Jefferies noted that the FY24 budget is the last material one before the national elections due in May 2024. The February 2024 budget cannot make material changes because of election embargo rules.
Nomura explained that the government’s focus is usually on electorally popular measures ahead of polls, the reason why it expects awards for road construction to not pick up in FY24. It has noted the trend of a slowdown in road-building orders ahead of the general elections in FY09, FY14 and FY19. A key reason is that the Election Commission of India enforces a Model Code of Conduct just ahead of the elections.
The government’s infra push has increased demand for construction material and equipment.
HDFC Securities believes that in the long term, India may emerge as an alternative manufacturing hub for global markets. It said multinationals were expanding capacity in India to cater to domestic as well as global demand. The share of exports in the order book and revenue is also increasing.
Excluding Larsen & Toubro (L&T), the order books at infra companies are at multi-year highs and have broken out of range of Rs 2.7-2.9 trillion seen over the past four years, data collected by Nuvama Wealth Research showed.
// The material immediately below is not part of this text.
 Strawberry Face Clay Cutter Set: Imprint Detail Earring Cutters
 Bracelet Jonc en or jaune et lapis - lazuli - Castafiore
So far in FY23, valuation comfort, robust balance sheets, and strong order inflows have helped stock-specific rerating.
With inflation concerns easing, commodity prices cooling, and interest rate tightening set to ease, HDFC Securities expects further stock-specific rerating to play out.
The Nifty Infra index in the past one year is up 2 percent, but has risen nearly 7 percent in the past six months.
On road construction specifically, Kotak Institutional Equities said the financial results for the third quarter of FY23 will reflect improved execution on the fairly strong order books of road companies.
Even so, capex on the road sector is tipped to remain flat in the upcoming Budget, mainly because of the mounting debt of NHAI, which develops, maintains and manages the National Highways entrusted to it by the Centre by awarding road contracts.
The debt of NHAI increased to Rs 3.5 trillion in FY22 from around Rs 242 billion in FY15.
Nomura highlighted in a report dated December 10, 2022, that the macro situation for roads and highways is likely to deteriorate over FY24 and budget allocation will strain the ordering activity.
“Weak Budget allocation in FY23BE (Budget Estimate) (effective increase of 1% y-y) does not promise a turnaround in FY23F; with general elections due in May-24, we do not expect a turnaround in ordering for FY24,” wrote Priyankar Biswas and Neelotpal Sahu of Nomura in the report.
IIFL Securities pointed out that ordering for National Highways has been relatively slow with 5,007 km awarded until October 2022, up 2 percent Year-on-Year (YoY).
Even so, several market participants are upbeat about companies such as IRB Infrastructure Developers, PNC Infratech and KNR Constructions.
IIFL Securities wrote: “Allocation in the upcoming budget would be keenly watched and would be a key trigger for re-rating”. Its top picks include PNC Infratech, HG Infra and KNR Constructions, among highway developers, and Powermech Projects among general contractors.
Experts are keeping a close watch on the road monetisation scheme and any announcement on that front would be crucial.